Saving thousands is a big deal. Investing for the first time is an even bigger one. A good way to to look at it is that most successful investors started right where you are today. They finally reached the one-thousand dollar milestone and didn’t know what to do next. However, what they did know, was that before they jumped into the world of stocks and bonds, they had other considerations to go over.

One of the biggest considerations for investors with minimal funds is not only where you are investing your money but also how you are going to go about investing it. Will you choose a short-term investment with minimal risks or will you take part in a long-term investment?

Short -Term Investing

Short term investing can be summed up as investing for a year or two with a short-term goal in mind. Investments that are short-term usually have minimal risks but also offer lower returns. There are numerous types of short-term investments that you can put money into, but we will focus on the following: Certificates of deposits, money market accounts and money market funds.

Certificate of Deposits (CD’s)

Certificate of Deposits, otherwise known as CD’s, are low risk investments suitable for cash that you don’t need for months or years. These investments are sold by banks and usually deliver low returns. If you put money in the CD and don’t touch it, the banks will pay you a slightly higher interest rate versus a regular savings or checking account. Keep in mind that if you withdraw money from a CD before it has fully matured you will be responsible for a penalty fee. Although CD’s are known to be a safe investment, their low interest rate means your money grows at a very slow pace. 

Money Market Account

A money market account is similar to a savings account but earns a higher amount of interest. The minimum balance is usually a lot higher than a basic savings and can range between $500 to $50,000. When you deposit money into your money market account it earns interest on a daily or monthly basis and is paid on a monthly/quarterly basis. There are withdrawal and transfer limitations when it comes to these accounts. You are allocated no more than six payments or transfers between accounts during each monthly period.

Money Market Funds

Money market funds are mutual funds that invest in short-term, high-quality investments that mature within 13 months or less. They base their annual rate of return on the yield the fund has earned in a seven-day period. There are different types of fund investments including U.S. Treasury securities, CDs, federal agency notes, commercial paper and municipal securities. Money market funds can be bought and sold at anytime and usually pay investors a monthly dividend. Money market funds can be bought at a brokerage house, mutual fund company and some banks.

Once you have decided on a short-term investment you should begin with rule number one from Robert Palmer’s Saving Thousands Rules. Rule number one tells us that we should always shop around. This is in regards to all purchases including bank fees, ATM fees, monthly fees, etc. Before you make the commitment with a bank or credit union, go over all the fees involved. Will there be a monthly maintenance fee? Is there a separate bank fee? Be sure to go over all fees associated with the investment that you decide on.

Long-Term Investing

Long term investing is investments that happen over a longer period of time but have a bigger return. These investments can come in may shapes and sizes but we will focus on: Treasury Direct I Savings Bonds, Exchange traded funds, and individual retirement accounts.

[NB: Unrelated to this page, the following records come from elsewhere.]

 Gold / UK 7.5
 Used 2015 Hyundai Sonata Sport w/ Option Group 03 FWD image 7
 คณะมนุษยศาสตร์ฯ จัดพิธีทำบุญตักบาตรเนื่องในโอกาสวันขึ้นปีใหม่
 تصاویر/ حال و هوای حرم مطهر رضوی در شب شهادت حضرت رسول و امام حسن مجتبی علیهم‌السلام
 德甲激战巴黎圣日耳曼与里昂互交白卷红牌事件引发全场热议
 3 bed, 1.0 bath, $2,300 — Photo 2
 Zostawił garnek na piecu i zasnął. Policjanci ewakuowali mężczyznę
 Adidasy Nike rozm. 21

Treasury Direct l Savings Bond

According to, I Savings Bonds are known as “a low-risk, liquid savings.” They can be used to supplement retirement income, give as a gift, or pay for education. I Bonds are sold at face value and can be purchased through TreasuryDirect or with your IRS tax refund. They are meant to be long-term investments that continue to earn interest for up to 30 years. Students looking to finance their education with I Bonds may be excluded from Federal income tax.

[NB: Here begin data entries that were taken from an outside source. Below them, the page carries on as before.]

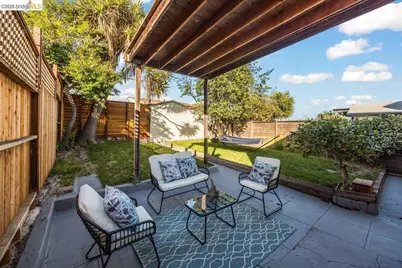 5340 Walnut St, Oakland, CA 94619 - Photo 27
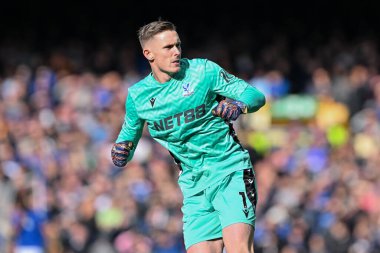 Crystal Palace 'dan Dean Henderson, 28 Eylül 2024' te İngiltere 'nin Liverpool kentinde oynanan Premier Lig maçında Crystal Palace' a karşı Everton maçında Crystal Palace 'ı 0-1 yenmeyi hedefleyen Crystal Palace' dan Marc Guhi 'yi kutluyor.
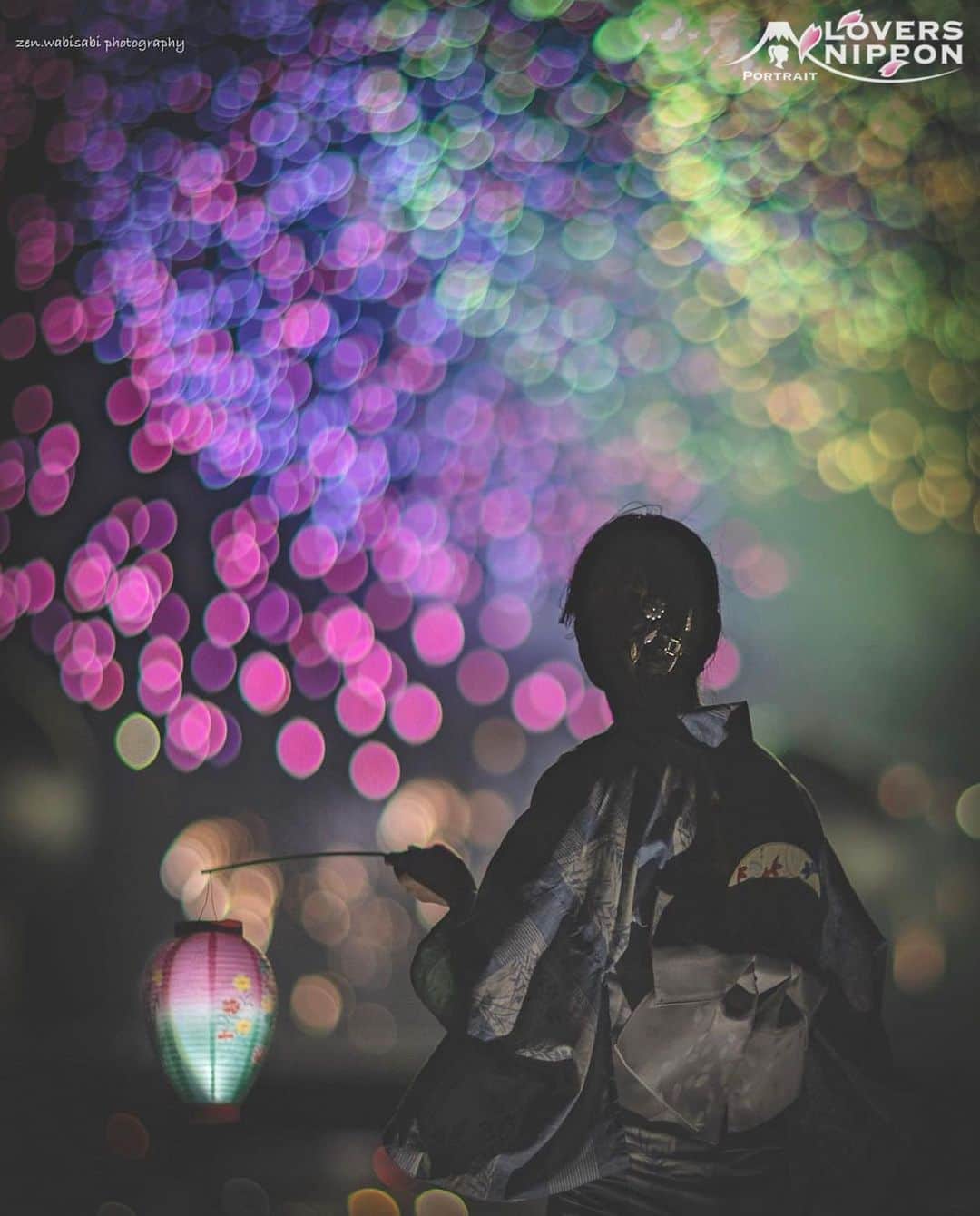 のインスタグラム：「🇯🇵Today's LoversNippon Selection🇯🇵 . Artist｜@zen.wabisabi Selected｜@rphafoto . Follow : @lovers_nippon Tag : #lovers_nippon ＿＿＿＿＿＿＿＿＿＿＿＿＿＿＿＿＿＿＿＿ ￣￣￣￣￣￣￣￣￣￣￣￣￣￣￣￣￣￣￣￣ @zen.wabisabi 様おめでとうございます✨👏素敵なお写真にタグ付けしていただきありがとうございます！今後ともLoversNipponを宜しくお願い致します♫✨ ＿＿＿＿＿＿＿＿＿＿＿＿＿＿＿＿＿＿＿＿ ￣￣￣￣￣￣￣￣￣￣￣￣￣￣￣￣￣￣￣￣ #日本 #写真 #ポートレート #beautiful #絶景 #picture #photo #portrait #Japan #花火」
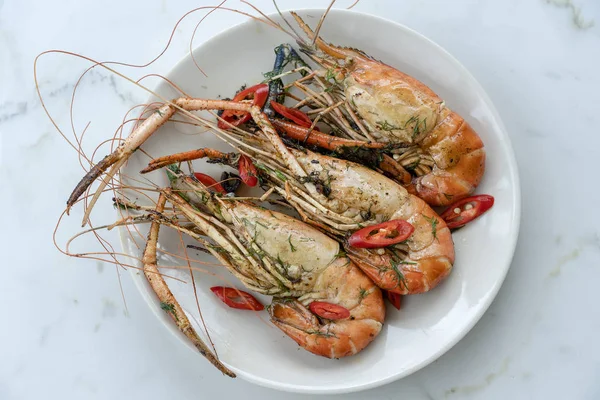 Langostinos fritos con ajo y hierbas, de cerca, Tailandia —  Fotos de Stock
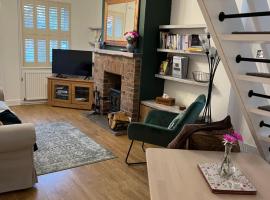 Hotel Photo: Explorers Cottage, Yorkshire Wolds Character Home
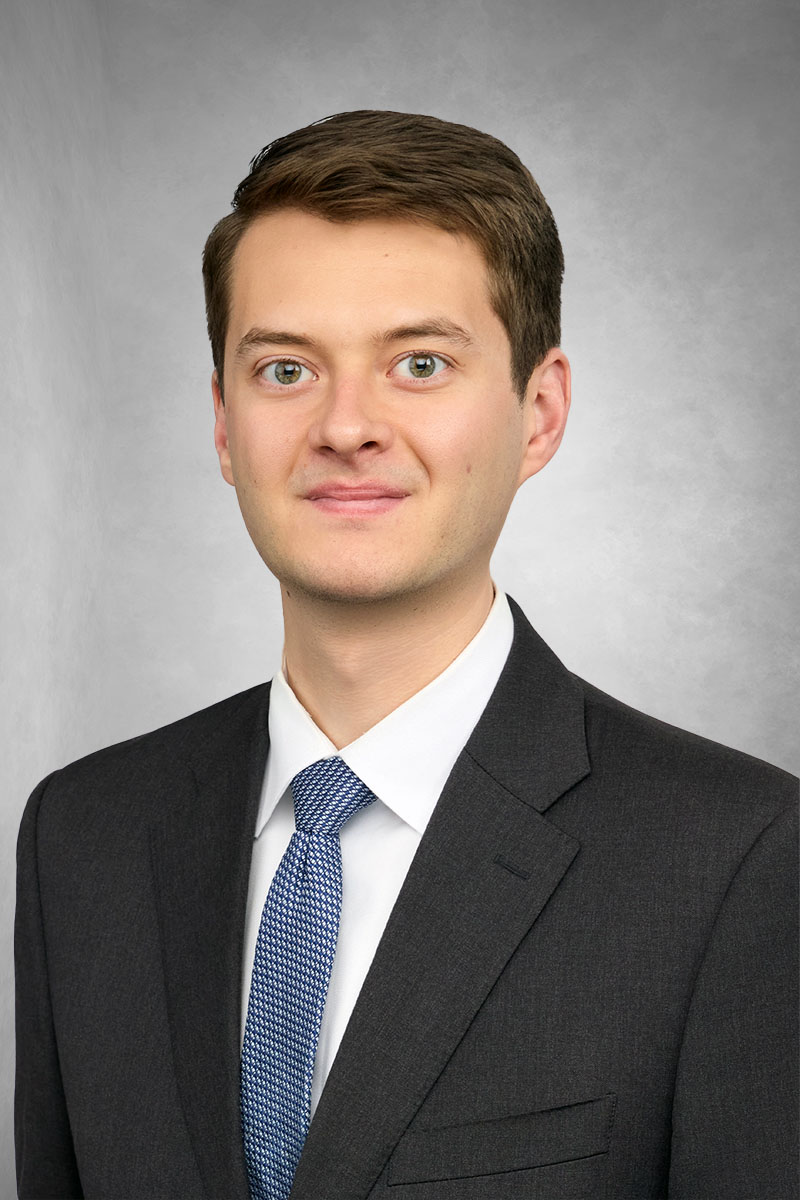 Cameron T. Bainbridge headshot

Exchange Traded Funds (ETFs)

Exchange Traded Funds, also known as ETFs, are funds that track indexes of NASDAQ-100 Index, S&P 500, and Dow Jones. ETFs experience price changes throughout the day as they are bought and sold but they have become a favored investment because they are tax efficient and have low operating expenses.

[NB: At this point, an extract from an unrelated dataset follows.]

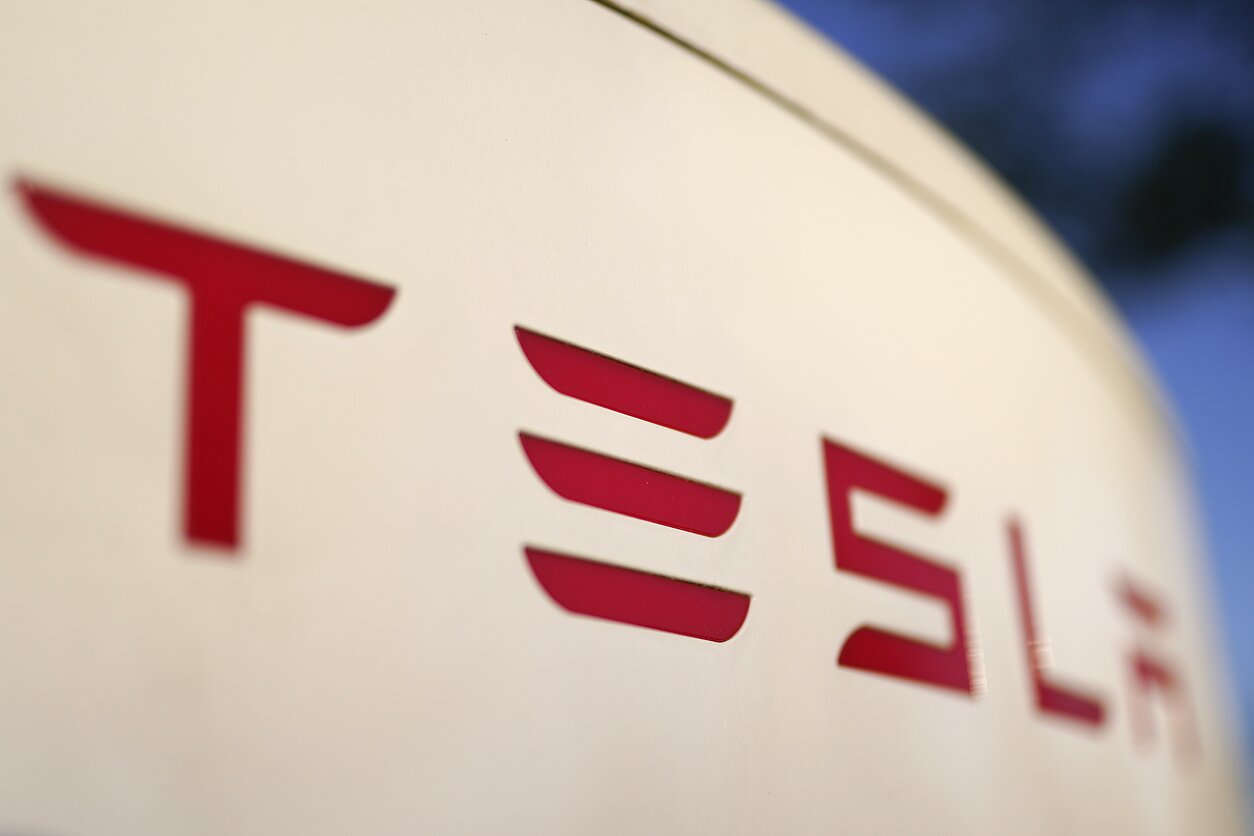 „Tesla“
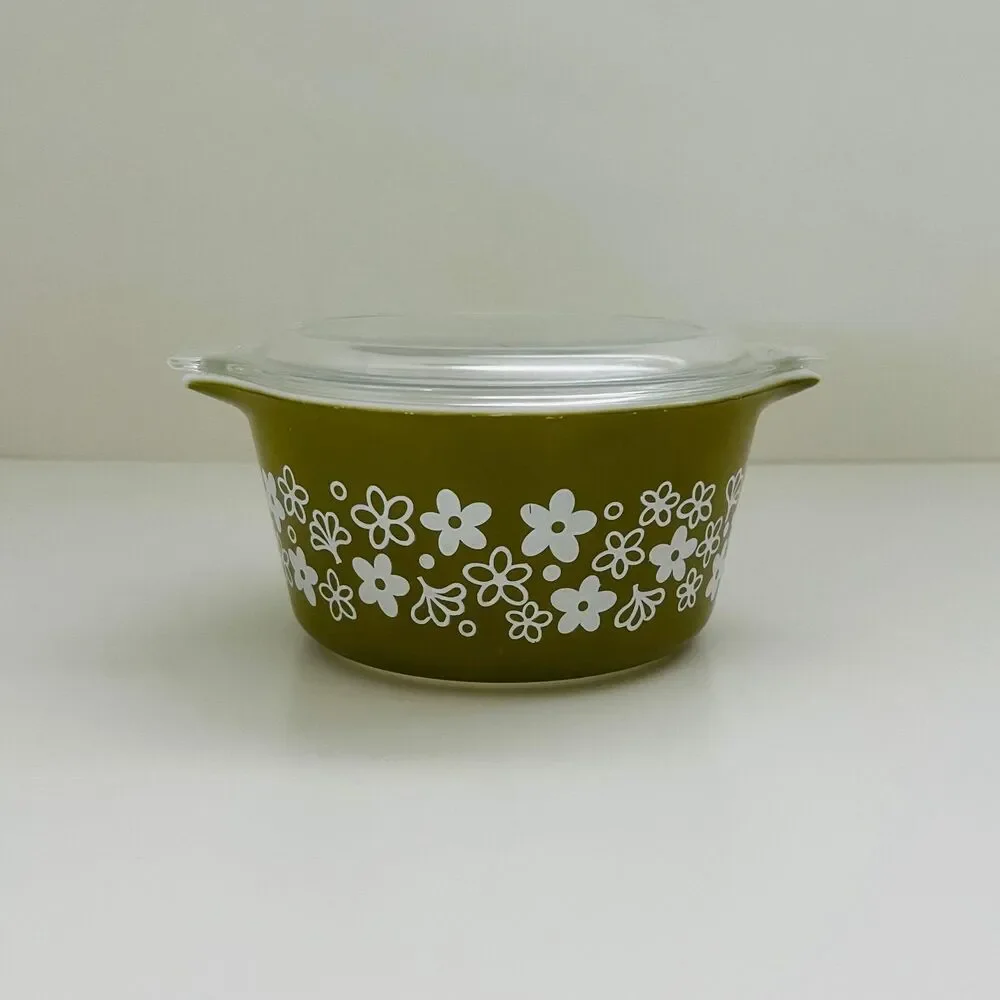 PYREX Green White Spring Blossom Crazy Daisy 473 Casserole Dish 1 Qt. With Lid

Individual Retirement Account (IRA)

An IRA is an account that collects any kind of investment you have to put into it and gives people a way to build tax-deferred savings for retirement. Investing in an IRA means your money can typically be withdrawn tax free in retirement.

Investments to stay away from:

Investments that are too good to be true.

Investment frauds which can come by phone or mail.

Phony investment brokers- always do your research. Use Rule #12 and always check references.

Telemarketing Fraud

Most importantly, don’t wait! The earlier that you invest, the more time your money can spend growing. Getting started is more important than finding the perfect fund or stock.